Nigeria’s newly operational Dangote oil refinery, established by Aliko Dangote, is making significant inroads into the West African gasoline market. By increasing gasoil exports, the refinery is capturing market share traditionally held by European refiners. This strategic manoeuvre has notable implications for both regional and international markets.
The $20 billion Dangote refinery produces a lower grade of gasoil than initially anticipated. This is due to the ongoing restart of certain units required to produce cleaner fuels. Consequently, the refinery has turned its attention to neighbouring West African markets for its gasoil sales.
In May 2024, the refinery’s gasoil exports surged to nearly 100,000 barrels per day (bpd), almost doubling the export levels of April, as reported by analytics firm Kpler. Most of these exports were directed towards other West African countries, with one shipment reaching Spain.

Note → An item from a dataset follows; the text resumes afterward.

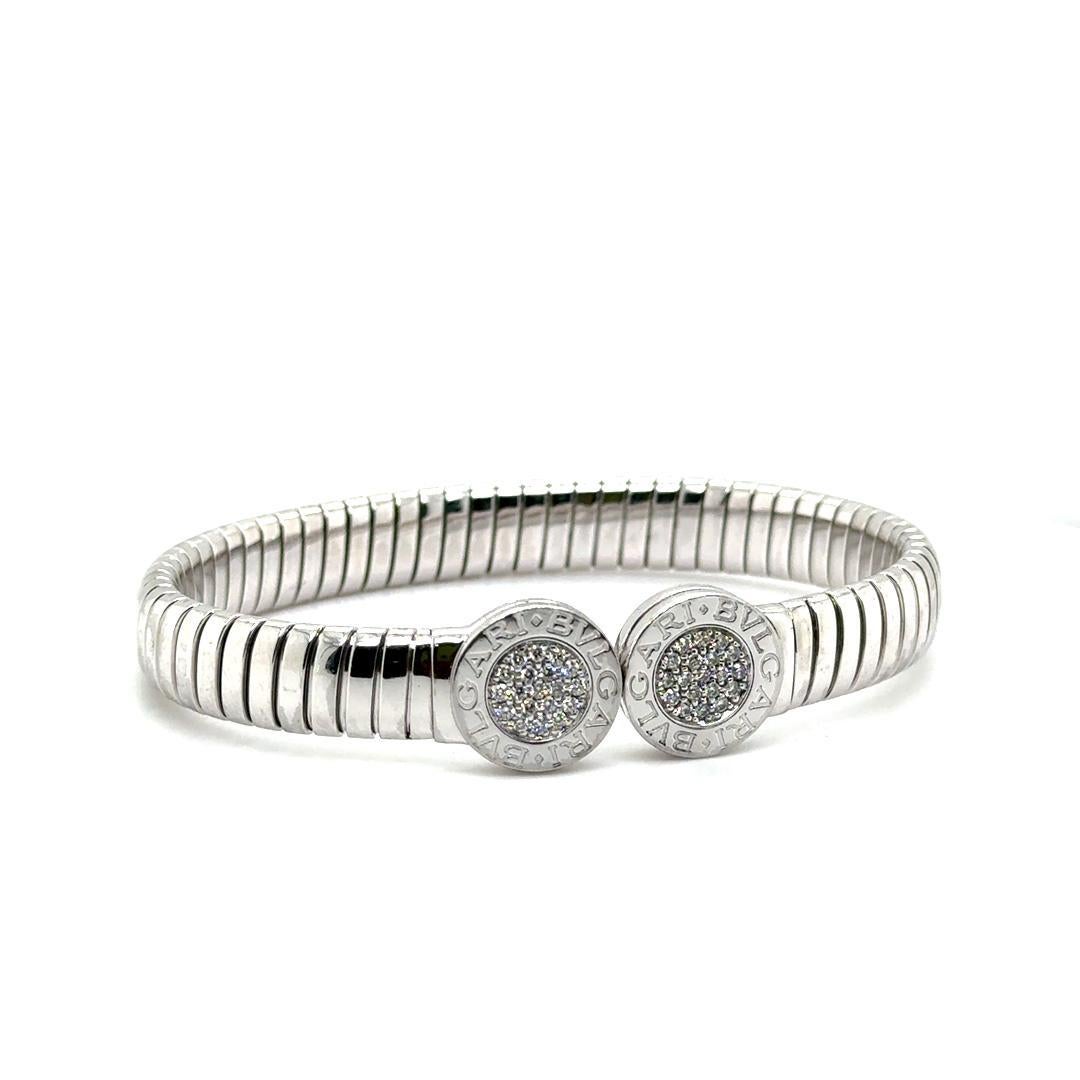 Beautiful cuff bracelet from famed designer Bulgari. From the Tubogas collection this elegant cuff design is crafted in stainless steel and highlights round brilliant cut diamonds. The bangle shows a flex fix design and is easy to take on and off.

Despite a sharp decline in preliminary June gasoil volumes, the overall export of oil products, including fuel oil, naphtha, and jet fuel, remained relatively high at 225,000 bpd.
Impact on European and Regional Markets
The increased output from the Dangote refinery is reshaping the balance of supply in West Africa, subsequently impacting European markets. Reuters reports that a European distillates trading source noted that the refinery’s activities have altered the market dynamics in the region.
In May, EU and UK gasoil exports to West Africa plummeted to a four-year low of 29,000 bpd, while Russian exports to the region dropped to an eight-month low of 87,000 bpd.
Despite facing challenges, including a dispute with local fuel retailers over the sale of high-sulphur gasoil, the refinery continues to supply the Nigerian market with its current production. This situation arises amidst Nigeria’s regulatory changes.
A 2021 oil law mandated a maximum sulphur content of 50 parts per million (ppm) for gasoil, aligning with the ECOWAS standards adopted in 2020. However, to facilitate the transition, the regulator allowed the sale of gasoil with up to 200 ppm sulphur content until June 2024.
Future Prospects
As European countries, including Belgium and the Netherlands, enforce stricter regulations on high-sulphur gasoil exports, Dangote’s refinery has found a receptive market in regions with more lenient motor fuel standards. A trading source familiar with the refinery’s specifications revealed to Reuters that it has been producing and exporting gasoil with a sulphur content ranging from 800 to 1,300 ppm, significantly above the 200 ppm limit.
Nevertheless, Dangote Refinery is actively working towards meeting the new standards. According to Davakumar Edwin, an executive at the refinery, the necessary equipment has been commissioned, and the refinery aims to achieve a gasoil sulphur content of 10 ppm within two weeks.
An analytical viewpoint
Dangote’s decision to explore and expand into the West African gasoline market is a strategic response to the current production capabilities and market conditions. By leveraging its proximity to neighbouring countries with less stringent fuel standards, the refinery can maintain and increase its export levels despite the lower grade of gasoil produced.
This approach helps capitalise on immediate market opportunities and positions Dangote Refinery as a key player in the regional oil market. The refinery’s impact on reducing European and Russian gasoil exports to West Africa signifies a shift in market dynamics, potentially leading to more competitive pricing and supply options for regional buyers.
As the refinery progresses towards meeting stricter sulphur content standards, it will likely enhance its competitiveness further, opening up additional markets and solidifying its presence in the global oil industry.
Dangote’s strategic entry into the West African gasoline market reflects a well-calculated move to optimize its production capabilities and capture market share amidst evolving regulatory landscapes.